Complicite: The Influence of Jacques Lecoq

Interview with Michael Fry

Michael Fry is the Deputy Director of East 15, University of Essex. He has worked as director and writer across the country including Liverpool Everyman, Nottingham Playhouse, the Young Vic and the Lyric Hammersmith. His adaptations of Tess of the d’UrbervillesEmma and The Great Gatsby have been performed throughout England and America.

Prior to East 15, he was Senior Lecturer in theatre at Coventry University and was Co-Artistic Director of NOT The National Theatre, for whom he directed Simon Gray’s Japes and April de Angelis’ Wild East.

Michael Fry’s chapter on Complicite in British Theatre Companies (1980 – 1994) focuses on the first fifteen years of the company.

Connections to the GCSE, AS and A level specifications

  • Social, cultural, political and historical context
  • Influence
  • Methods of creating, developing, rehearsing and performing
  • Theatrical style

PC: How did the training with Lecoq influence their work?

MF: Simon articulates that Lecoq was the biggest influence on Complicite in its initial years. Lecoq’s ideas on playfulness – le jeu – were very influential. Lecoq really forced his students to be spontaneous, he put them on the spot. Lecoq wouldn’t have said “be funny” but when they were spontaneous and forcing an audience to watch them they tended to go for comedy rather than pathos. Students that were contemporaries of Simon and Marcello say they were always the two that you watched at Lecoq because they were the funniest. I think they learnt their mutual sense of humour through Lecoq. Simon was a stand up but his performance level through Lecoq became more subtle and mature and much more reliant on the body than a stand up is.

PC: Why did they choose to base themselves in Britain after training in Paris?

MF: Probably because Simon and Annabel had connections here and they thought they would start to get money from the Arts Council.

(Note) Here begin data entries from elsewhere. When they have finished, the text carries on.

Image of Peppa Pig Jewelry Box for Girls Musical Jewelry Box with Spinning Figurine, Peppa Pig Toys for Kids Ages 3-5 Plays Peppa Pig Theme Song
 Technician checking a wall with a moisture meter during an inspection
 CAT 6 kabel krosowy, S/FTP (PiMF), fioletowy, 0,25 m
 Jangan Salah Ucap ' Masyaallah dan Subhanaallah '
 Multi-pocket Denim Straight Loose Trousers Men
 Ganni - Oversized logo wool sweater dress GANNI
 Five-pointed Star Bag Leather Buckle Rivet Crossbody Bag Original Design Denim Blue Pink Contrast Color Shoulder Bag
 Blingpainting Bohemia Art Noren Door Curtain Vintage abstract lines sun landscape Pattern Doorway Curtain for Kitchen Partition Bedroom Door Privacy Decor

None of them were from France. Maybe inside they knew that their work was going to be satirising the British and therefore they needed to begin it in Britain. The British have the ability to laugh at themselves and enjoy being satirised. And I think they got that.

PC: In those early days do you think there was a drive and a need to be popular as that would allow them to continue making work?

MF: I don’t think so. Accessible maybe. I don’t think that they were consciously driven and ambitious enough to know what their endgame was. They are the company that least panders to what they think the audience wants to see or what the Arts Council wants to hear. Of all the companies they are not the least bit interested in doing what they’re supposed to be doing.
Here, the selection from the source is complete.